━━ RECORDS FOR THE TASK ━━

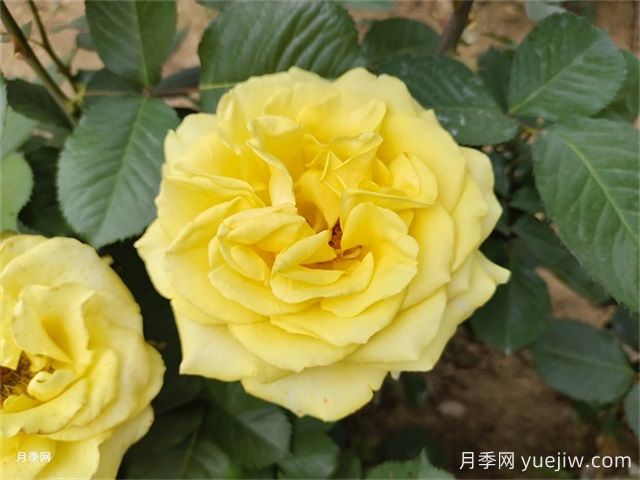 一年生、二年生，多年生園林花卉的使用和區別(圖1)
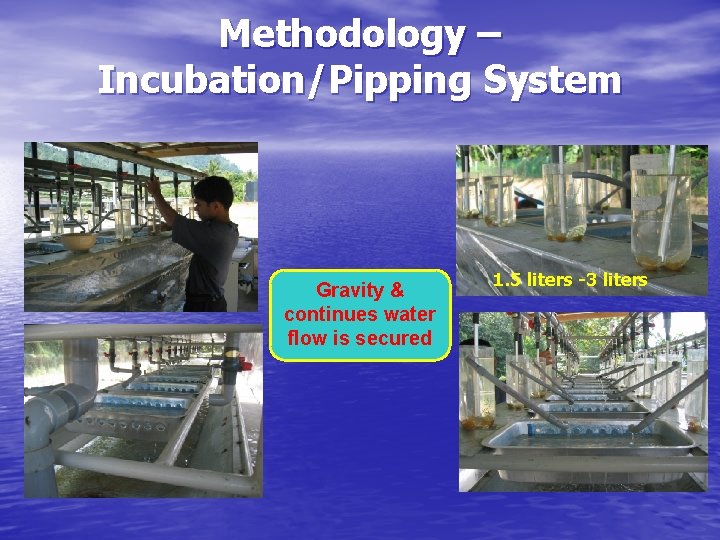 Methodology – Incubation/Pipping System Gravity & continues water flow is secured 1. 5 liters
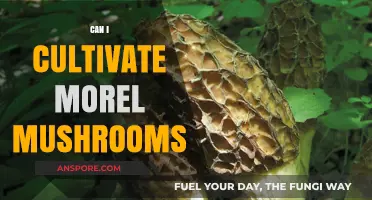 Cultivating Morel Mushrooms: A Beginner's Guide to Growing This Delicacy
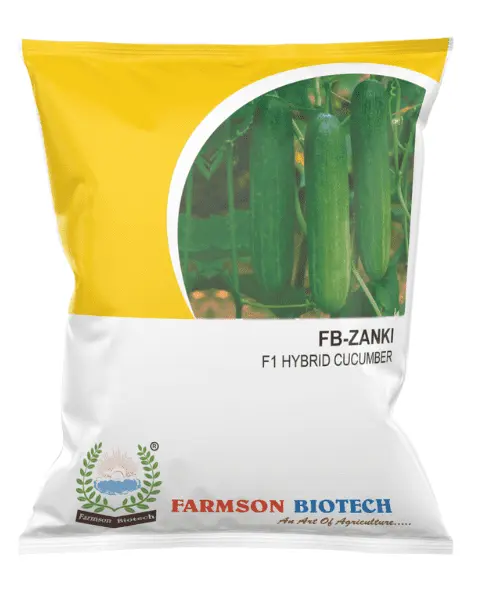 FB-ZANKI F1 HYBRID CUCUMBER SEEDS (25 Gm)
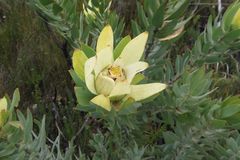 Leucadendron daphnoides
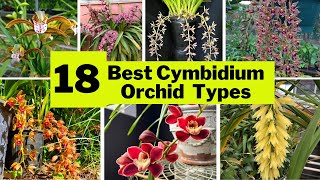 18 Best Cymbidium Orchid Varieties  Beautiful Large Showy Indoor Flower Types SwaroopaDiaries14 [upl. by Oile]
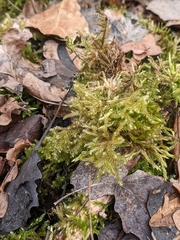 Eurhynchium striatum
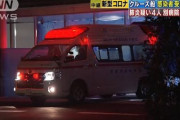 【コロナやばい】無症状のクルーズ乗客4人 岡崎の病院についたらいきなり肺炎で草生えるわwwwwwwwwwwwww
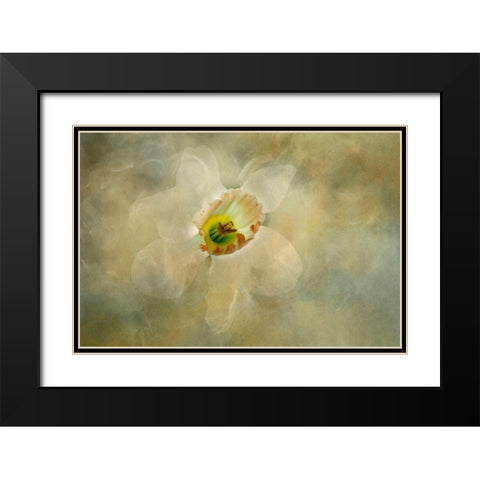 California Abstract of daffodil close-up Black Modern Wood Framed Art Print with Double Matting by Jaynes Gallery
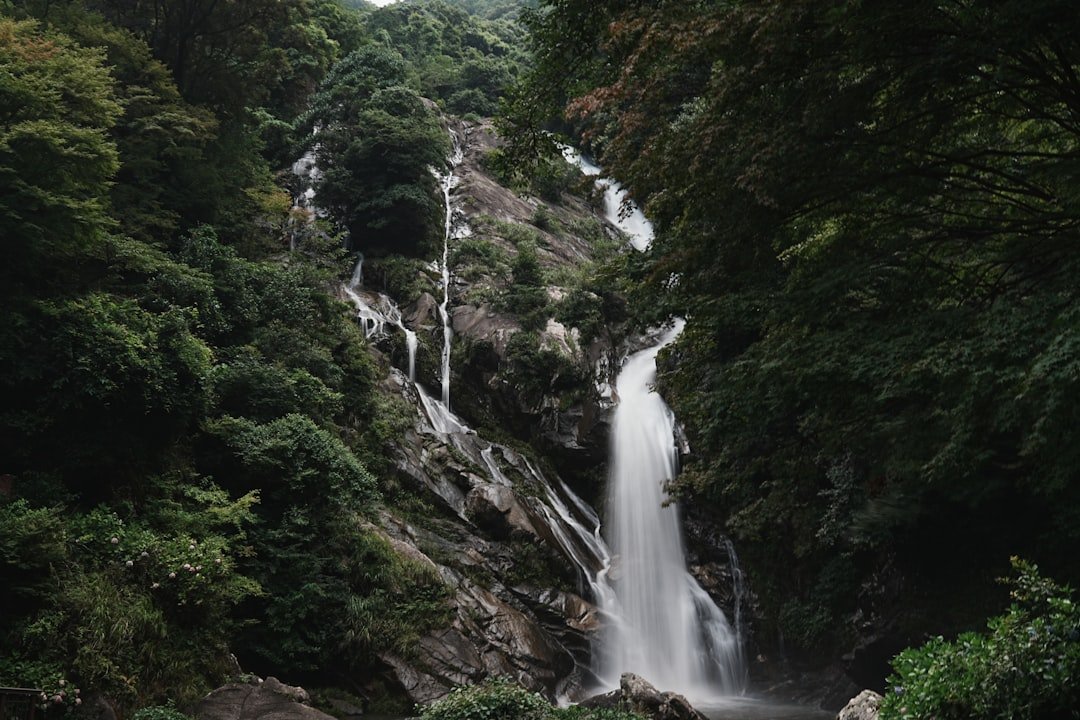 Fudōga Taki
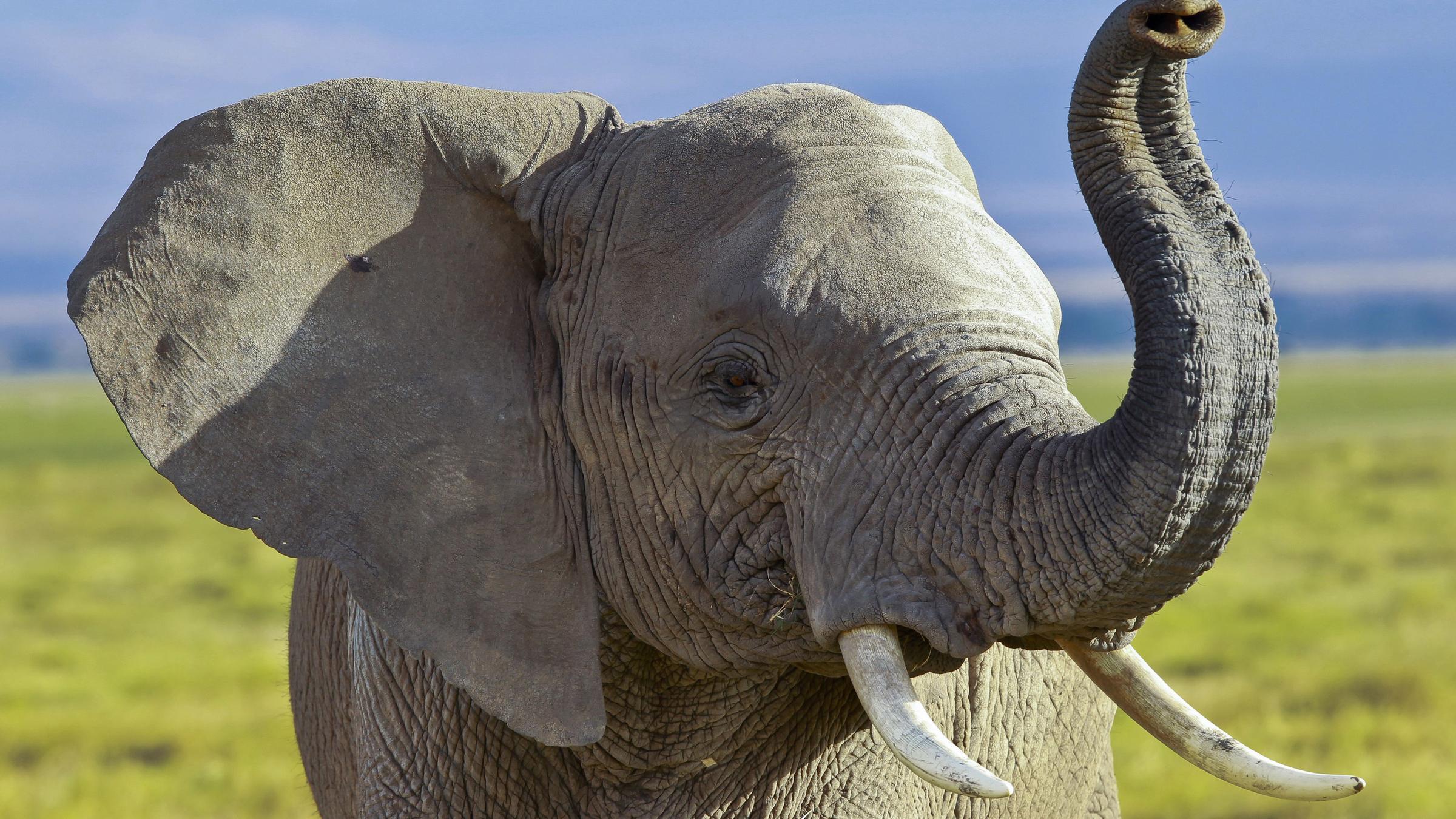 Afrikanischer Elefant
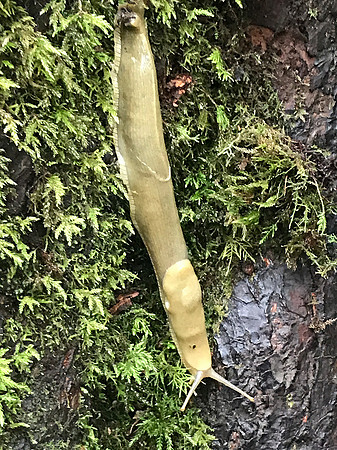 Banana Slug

━━━
━━ RECORDS FOR THE TASK ━━

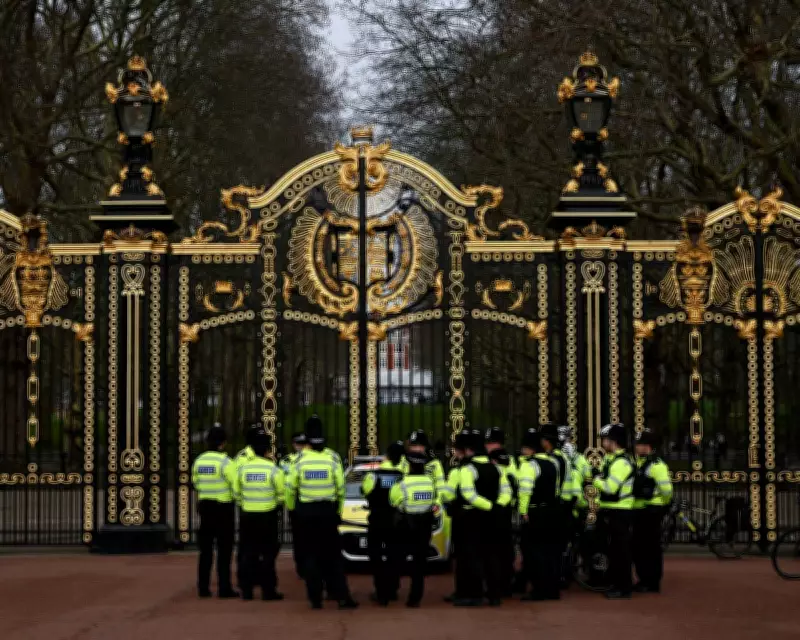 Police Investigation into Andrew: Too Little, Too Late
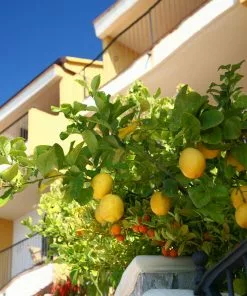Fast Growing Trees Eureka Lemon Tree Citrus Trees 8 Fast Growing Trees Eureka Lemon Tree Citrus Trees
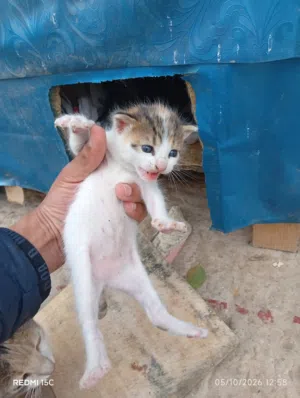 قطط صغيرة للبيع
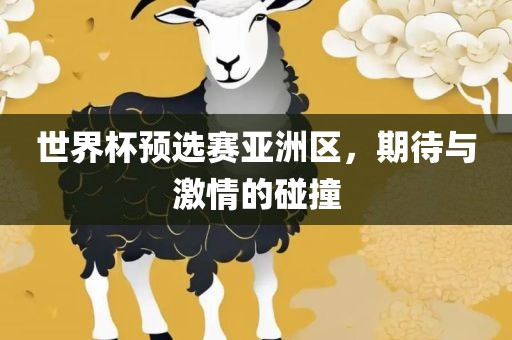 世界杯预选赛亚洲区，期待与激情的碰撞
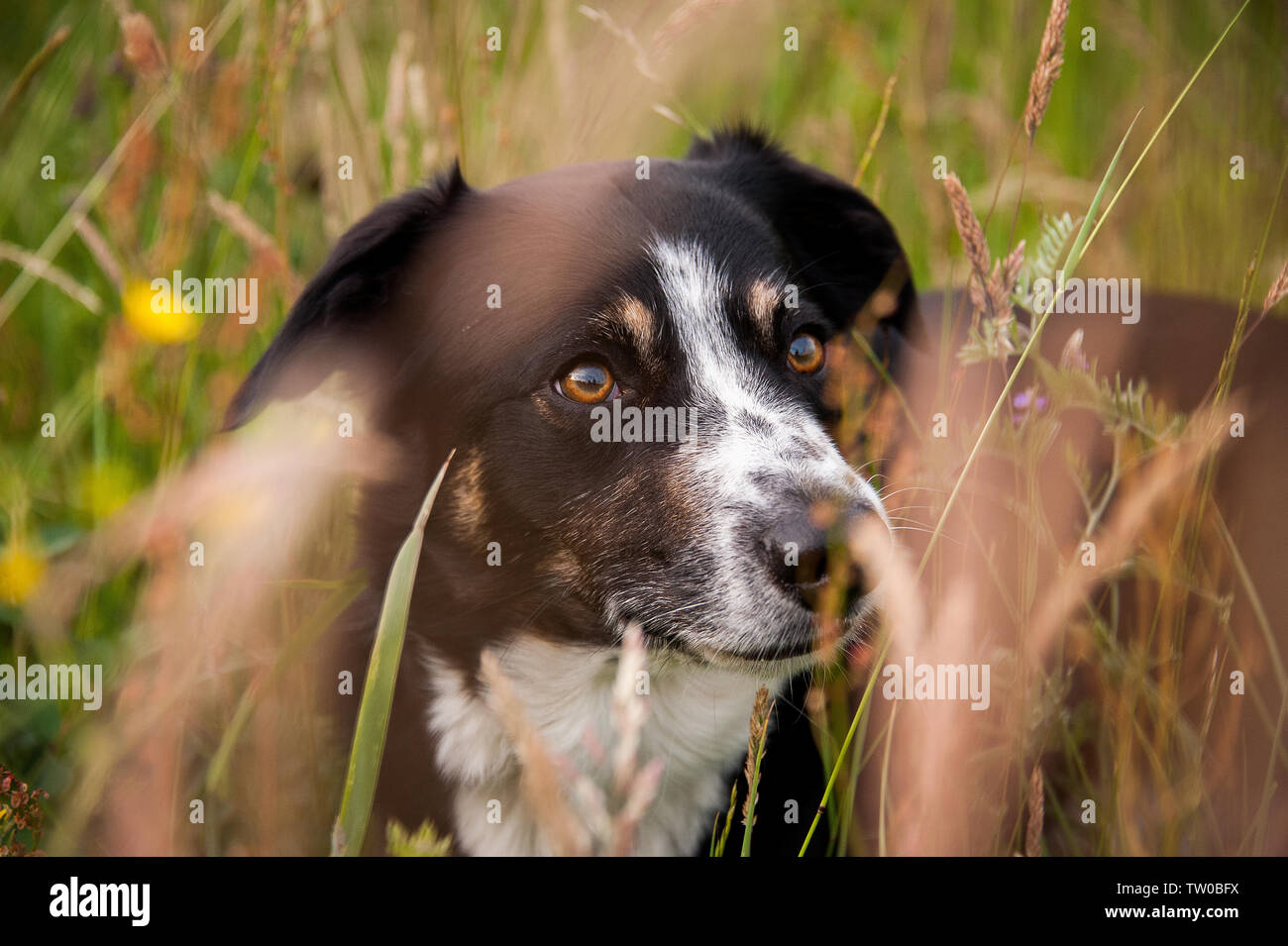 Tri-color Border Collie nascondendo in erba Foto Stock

━━━
━━ RECORDS FOR THE TASK ━━

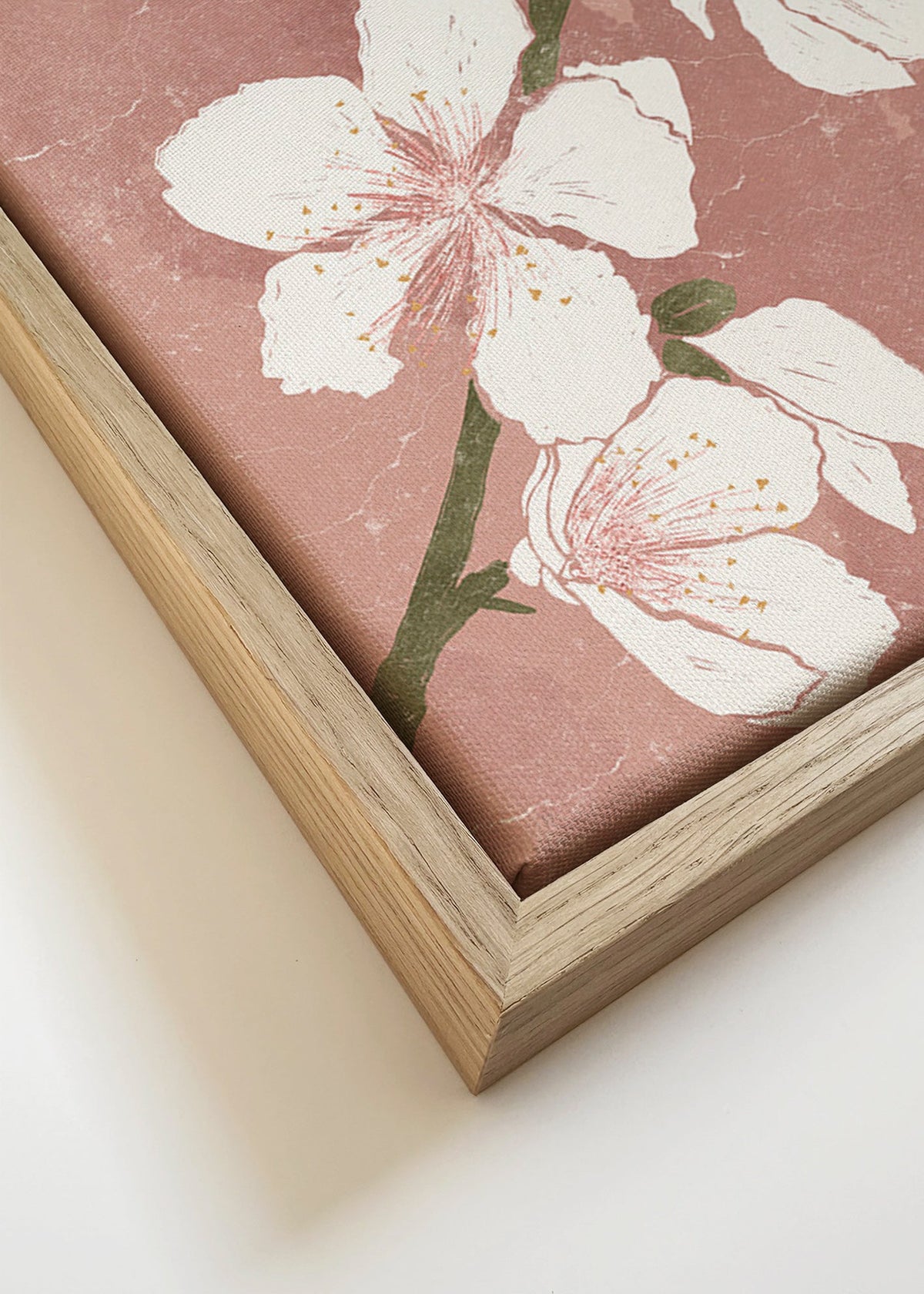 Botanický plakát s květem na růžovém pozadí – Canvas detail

━━━

EXERCISE GOAL> In the listing above, find the line with "一年生、二年生，多年生園林花卉的使用和區別(圖1)" and the line with "18 Best Cymbidium". Transcribe those two and everything between, exactly, leaving out pictures.

SOLUTION TO THE EXERCISE>
 一年生、二年生，多年生園林花卉的使用和區別(圖1)
 Methodology – Incubation/Pipping System Gravity & continues water flow is secured 1. 5 liters
 Cultivating Morel Mushrooms: A Beginner's Guide to Growing This Delicacy
 FB-ZANKI F1 HYBRID CUCUMBER SEEDS (25 Gm)
 Leucadendron daphnoides
 18 Best Cymbidium Orchid Varieties  Beautiful Large Showy Indoor Flower Types SwaroopaDiaries14 [upl. by Oile]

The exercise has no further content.